Since the year 1840 this assertion, which even before that date was only half-true, has lost all semblance of truth; for the most diverse machines are now applied to the manufacture of the machines themselves on quite as extensive a scale as in the manufacture of cotton yarn, and the labourers employed in machine factories can but play the role of very stupid machines alongside of the highly ingenious machines.
But in place of the man who has been dismissed by the machine, the factory may employ, perhaps, three children and one woman! And must not the wages of the man have previously sufficed for the three children and one woman? Must not the minimum wages have sufficed for the preservation and propagation of the race? What, then, do these beloved bourgeois phrases prove? Nothing more than that now four times as many workers' lives are used up as there were previously, in order to obtain the livelihood of one working family.
To sum up: the more productive capital grows, the more it extends the division of labour and the application of machinery; the more the division of labour and the application of machinery extend, the more does competition extend among the workers, the more do their wages shrink together.
In addition, the working class is also recruited from the higher strata of society; a mass of small business men and of people living upon the interest of their capitals is precipitated into the ranks of the working class, and they will have nothing else to do than to stretch out their arms alongside of the arms of the workers. Thus the forest of outstretched arms, begging for work, grows ever thicker, while the arms themselves grow every leaner.
It is evident that the small manufacturer cannot survive in a struggle in which the first condition of success is production upon an ever greater scale. It is evident that the small manufacturers and thereby increasing the number of candidates for the proletariat—all this requires no further elucidation.

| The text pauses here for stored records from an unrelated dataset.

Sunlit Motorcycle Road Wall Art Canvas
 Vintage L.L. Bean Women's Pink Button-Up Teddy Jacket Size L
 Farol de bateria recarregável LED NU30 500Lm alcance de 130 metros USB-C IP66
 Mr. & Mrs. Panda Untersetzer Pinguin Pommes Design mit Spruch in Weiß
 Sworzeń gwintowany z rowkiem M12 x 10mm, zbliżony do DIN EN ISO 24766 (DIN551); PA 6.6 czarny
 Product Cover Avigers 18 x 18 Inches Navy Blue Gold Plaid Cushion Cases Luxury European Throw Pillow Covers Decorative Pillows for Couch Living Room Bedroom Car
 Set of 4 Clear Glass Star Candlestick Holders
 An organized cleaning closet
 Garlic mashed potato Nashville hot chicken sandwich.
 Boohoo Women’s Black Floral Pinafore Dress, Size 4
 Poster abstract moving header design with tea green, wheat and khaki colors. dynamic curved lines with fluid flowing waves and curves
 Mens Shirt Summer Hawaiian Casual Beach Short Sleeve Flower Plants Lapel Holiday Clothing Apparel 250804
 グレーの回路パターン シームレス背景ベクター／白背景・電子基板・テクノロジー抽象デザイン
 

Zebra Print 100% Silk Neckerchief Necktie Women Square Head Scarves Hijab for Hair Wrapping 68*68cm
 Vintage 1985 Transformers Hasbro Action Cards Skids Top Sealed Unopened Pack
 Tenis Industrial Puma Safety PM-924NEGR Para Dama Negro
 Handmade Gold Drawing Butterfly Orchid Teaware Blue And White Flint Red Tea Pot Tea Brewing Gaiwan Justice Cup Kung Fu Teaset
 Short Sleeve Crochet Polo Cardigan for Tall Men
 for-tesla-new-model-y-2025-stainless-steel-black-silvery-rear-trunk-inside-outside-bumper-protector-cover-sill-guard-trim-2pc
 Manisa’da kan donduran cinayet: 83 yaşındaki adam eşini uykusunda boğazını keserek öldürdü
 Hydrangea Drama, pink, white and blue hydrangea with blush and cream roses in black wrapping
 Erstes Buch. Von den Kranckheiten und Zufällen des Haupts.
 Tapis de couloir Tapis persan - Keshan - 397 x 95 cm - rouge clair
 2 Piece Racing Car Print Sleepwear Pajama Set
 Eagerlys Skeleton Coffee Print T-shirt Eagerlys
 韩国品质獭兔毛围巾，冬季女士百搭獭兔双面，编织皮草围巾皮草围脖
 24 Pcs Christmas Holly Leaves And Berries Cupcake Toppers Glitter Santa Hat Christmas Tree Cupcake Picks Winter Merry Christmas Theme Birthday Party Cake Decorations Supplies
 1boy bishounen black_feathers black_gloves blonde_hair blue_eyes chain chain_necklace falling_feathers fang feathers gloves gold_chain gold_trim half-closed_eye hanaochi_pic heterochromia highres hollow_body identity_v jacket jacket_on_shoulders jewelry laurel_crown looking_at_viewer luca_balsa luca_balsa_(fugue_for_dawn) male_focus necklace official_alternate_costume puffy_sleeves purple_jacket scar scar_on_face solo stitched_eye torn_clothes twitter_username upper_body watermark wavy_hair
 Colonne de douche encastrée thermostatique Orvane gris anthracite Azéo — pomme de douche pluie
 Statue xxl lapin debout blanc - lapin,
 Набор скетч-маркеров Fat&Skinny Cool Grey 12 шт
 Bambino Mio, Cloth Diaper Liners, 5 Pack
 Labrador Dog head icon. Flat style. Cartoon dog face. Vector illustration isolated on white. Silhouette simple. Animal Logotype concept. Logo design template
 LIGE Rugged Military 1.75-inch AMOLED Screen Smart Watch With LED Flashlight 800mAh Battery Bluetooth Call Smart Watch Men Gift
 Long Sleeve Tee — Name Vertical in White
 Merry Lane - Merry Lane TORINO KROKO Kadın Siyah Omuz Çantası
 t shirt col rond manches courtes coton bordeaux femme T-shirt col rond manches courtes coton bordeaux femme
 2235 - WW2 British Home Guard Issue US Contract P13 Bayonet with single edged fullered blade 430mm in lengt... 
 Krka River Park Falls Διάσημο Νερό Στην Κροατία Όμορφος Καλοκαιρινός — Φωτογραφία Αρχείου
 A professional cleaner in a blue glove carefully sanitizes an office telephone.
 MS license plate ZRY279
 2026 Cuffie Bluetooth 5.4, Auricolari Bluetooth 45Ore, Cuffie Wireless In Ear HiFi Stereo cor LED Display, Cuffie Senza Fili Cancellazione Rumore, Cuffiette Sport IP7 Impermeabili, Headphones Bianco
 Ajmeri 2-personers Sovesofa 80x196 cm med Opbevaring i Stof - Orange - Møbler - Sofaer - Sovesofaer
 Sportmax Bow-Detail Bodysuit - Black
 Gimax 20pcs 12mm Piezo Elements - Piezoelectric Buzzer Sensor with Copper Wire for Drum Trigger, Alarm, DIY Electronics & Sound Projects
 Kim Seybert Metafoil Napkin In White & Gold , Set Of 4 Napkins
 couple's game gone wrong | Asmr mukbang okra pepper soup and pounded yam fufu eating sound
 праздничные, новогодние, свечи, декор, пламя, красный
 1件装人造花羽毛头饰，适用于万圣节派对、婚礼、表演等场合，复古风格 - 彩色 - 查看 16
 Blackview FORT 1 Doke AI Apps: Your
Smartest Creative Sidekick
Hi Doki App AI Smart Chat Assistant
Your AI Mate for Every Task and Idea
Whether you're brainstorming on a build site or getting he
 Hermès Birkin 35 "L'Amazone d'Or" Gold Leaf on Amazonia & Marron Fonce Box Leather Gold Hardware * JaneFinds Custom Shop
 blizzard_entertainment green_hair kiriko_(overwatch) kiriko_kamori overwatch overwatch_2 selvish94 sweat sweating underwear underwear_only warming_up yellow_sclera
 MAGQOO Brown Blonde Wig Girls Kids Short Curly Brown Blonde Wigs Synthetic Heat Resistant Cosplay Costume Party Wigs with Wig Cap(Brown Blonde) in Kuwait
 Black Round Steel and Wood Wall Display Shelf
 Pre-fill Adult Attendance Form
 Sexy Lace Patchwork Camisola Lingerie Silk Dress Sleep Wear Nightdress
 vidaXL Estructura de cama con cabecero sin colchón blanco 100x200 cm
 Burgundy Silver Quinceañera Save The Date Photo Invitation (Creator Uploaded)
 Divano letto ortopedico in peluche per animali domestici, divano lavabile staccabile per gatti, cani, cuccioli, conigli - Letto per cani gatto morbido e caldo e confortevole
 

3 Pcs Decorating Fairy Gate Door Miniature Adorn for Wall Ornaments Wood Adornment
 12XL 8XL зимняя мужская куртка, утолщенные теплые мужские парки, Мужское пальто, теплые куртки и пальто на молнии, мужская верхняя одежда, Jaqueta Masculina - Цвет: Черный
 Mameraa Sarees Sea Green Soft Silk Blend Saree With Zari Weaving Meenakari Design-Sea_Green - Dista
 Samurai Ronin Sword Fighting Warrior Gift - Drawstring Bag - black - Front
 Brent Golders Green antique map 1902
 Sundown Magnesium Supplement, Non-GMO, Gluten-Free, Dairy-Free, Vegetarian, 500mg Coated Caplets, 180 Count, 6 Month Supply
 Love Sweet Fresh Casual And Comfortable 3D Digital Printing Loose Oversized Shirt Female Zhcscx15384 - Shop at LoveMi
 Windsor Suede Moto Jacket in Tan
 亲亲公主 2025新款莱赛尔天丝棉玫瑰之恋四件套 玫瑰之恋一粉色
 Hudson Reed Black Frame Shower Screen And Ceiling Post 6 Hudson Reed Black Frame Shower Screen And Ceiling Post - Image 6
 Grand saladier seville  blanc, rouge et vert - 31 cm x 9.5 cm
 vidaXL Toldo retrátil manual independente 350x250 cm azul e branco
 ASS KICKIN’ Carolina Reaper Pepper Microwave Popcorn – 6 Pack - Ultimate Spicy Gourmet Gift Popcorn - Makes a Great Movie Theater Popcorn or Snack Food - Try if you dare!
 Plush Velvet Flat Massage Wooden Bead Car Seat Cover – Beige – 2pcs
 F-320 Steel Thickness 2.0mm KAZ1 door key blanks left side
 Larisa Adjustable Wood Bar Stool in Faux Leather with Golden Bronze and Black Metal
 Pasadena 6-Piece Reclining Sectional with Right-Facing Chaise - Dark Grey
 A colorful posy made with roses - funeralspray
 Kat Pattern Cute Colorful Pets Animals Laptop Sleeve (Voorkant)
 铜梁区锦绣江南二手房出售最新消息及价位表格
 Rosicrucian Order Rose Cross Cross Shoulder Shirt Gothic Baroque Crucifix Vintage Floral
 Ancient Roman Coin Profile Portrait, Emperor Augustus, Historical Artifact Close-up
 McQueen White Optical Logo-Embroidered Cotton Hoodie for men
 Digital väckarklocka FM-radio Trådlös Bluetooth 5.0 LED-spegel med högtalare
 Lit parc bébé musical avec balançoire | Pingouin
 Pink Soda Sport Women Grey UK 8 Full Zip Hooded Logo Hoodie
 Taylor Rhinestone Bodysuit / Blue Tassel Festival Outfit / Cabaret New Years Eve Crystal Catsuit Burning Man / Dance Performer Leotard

Finally, in the same measure in which the capitalists are compelled, by the movement described above, to exploit the already existing gigantic means of production on an ever-increasing scale, and for this purpose to set in motion all the mainsprings of credit, in the same measure do they increase the industrial earthquakes, in the midst of which the commercial world can preserve itself only by sacrificing a portion of its wealth, its products, and even its forces of production, to the gods of the lower world—in short, the crises increase. They become more frequent and more violent, if for no other reason, than for this alone, that in the same measure in which the mass of products grows, and therefore the needs for extensive markets, in the same measure does the world market shrink ever more, and ever fewer markets remain to be exploited, since every previous crisis has subjected to the commerce of the world a hitherto unconquered or but superficially exploited market.
But capital not only lives upon labour. Like a master, at once distinguished and barbarous, it drags with it into its grave the corpses of its slaves, whole hecatombs of workers, who perish in the crises.
We thus see that if capital grows rapidly, competition among the workers grows with even greater rapidity—i.e., the means of employment and subsistence for the working class decrease in proportion even more rapidly; but, this notwithstanding, the rapid growth of capital is the most favorable condition for wage-labour.